Pricing will be based on daily usage, and the company will offer discounts for monthly volume commitments starting at US$2,500 (A$3,135) a month.
"People need to generate new efficiencies in power utilisation, and scale resources as appropriate," said Mark Beaumont, Verizon Business product management group manager.
"We are also offering customers transparency into their information so they can see what is utilised and where in the organisation it is used."
Verizon describes its new offering as 'computing-as-a-service', in that the architecture will allow customers to provision physical and virtual server environments to best accommodate the type of application being deployed.
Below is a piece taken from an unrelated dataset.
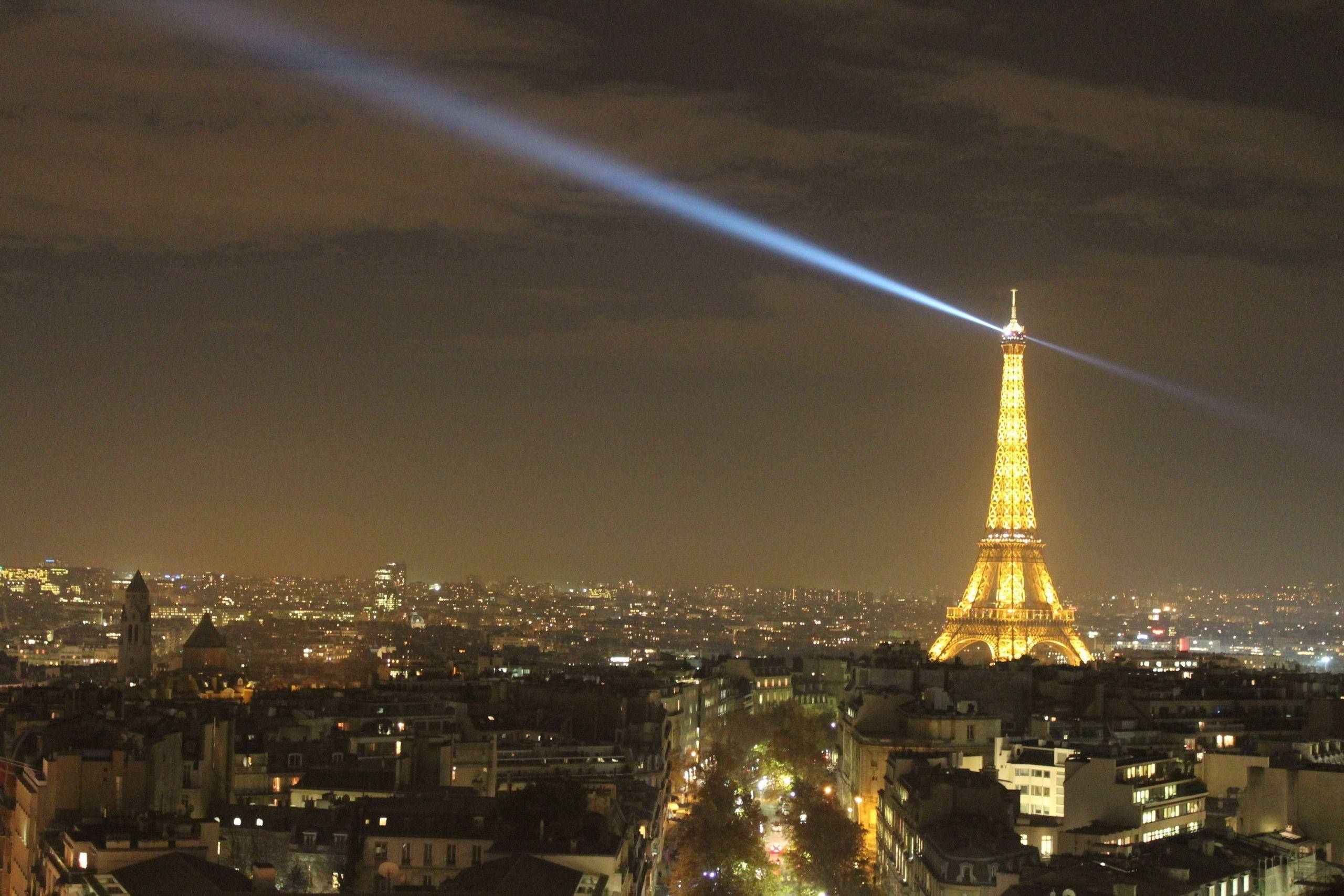 Paris Eiffel Tower 桌布 壁紙 — 艾菲爾鐵塔在夜晚閃耀著金色光芒，一道強勁的藍色雷射光束劃過巴黎上空多雲的天空。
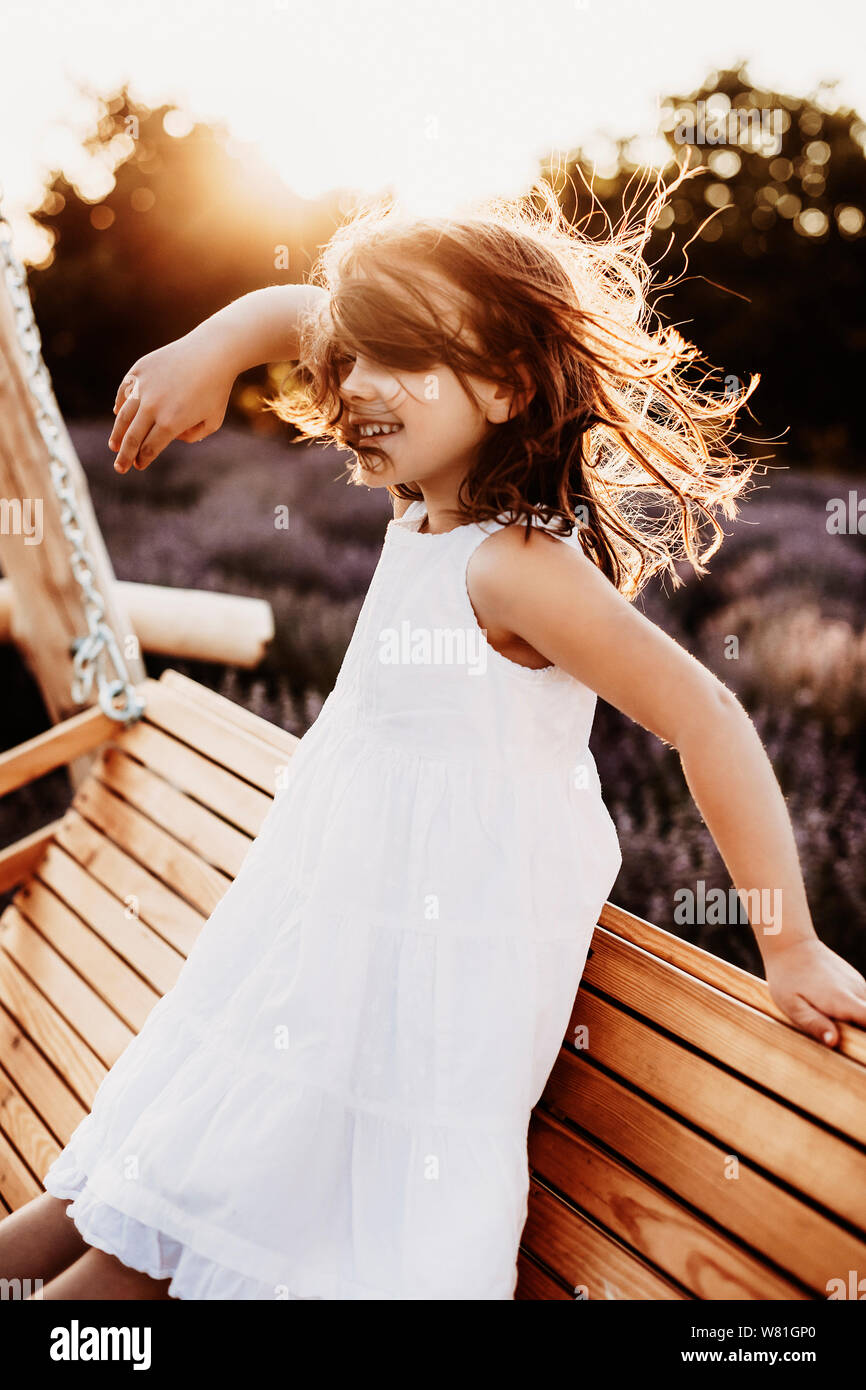 Ritratto di una bellissima bambina ballando nel vento contro il tramonto  sorridente vestito in abito bianco seduto su una oscillazione di legno in  un campo di lavanda Foto stock - Alamy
For example, a business may want to use a virtual environment for staging and development, but may choose a physical server infrastructure for business-critical applications, such as database servers, which lets them customise servers and select the server configuration, Verizon said.
Customers will also have access to a self-service portal through the Verizon Enterprise Center to manage their servers, and will be able to add a number of security services, such as identity and access management, host intrusion detection and application vulnerability assessment.
"With Verizon Computing-as-a-Service we are ushering in a new era of computing that offers security, resiliency and scalability on demand, with a whole new level of flexibility and a low-cost structure," said Nancy Gofus, Verizon global product development president.
The service is available to US customers immediately, and will be offered in Europe and Asia from August.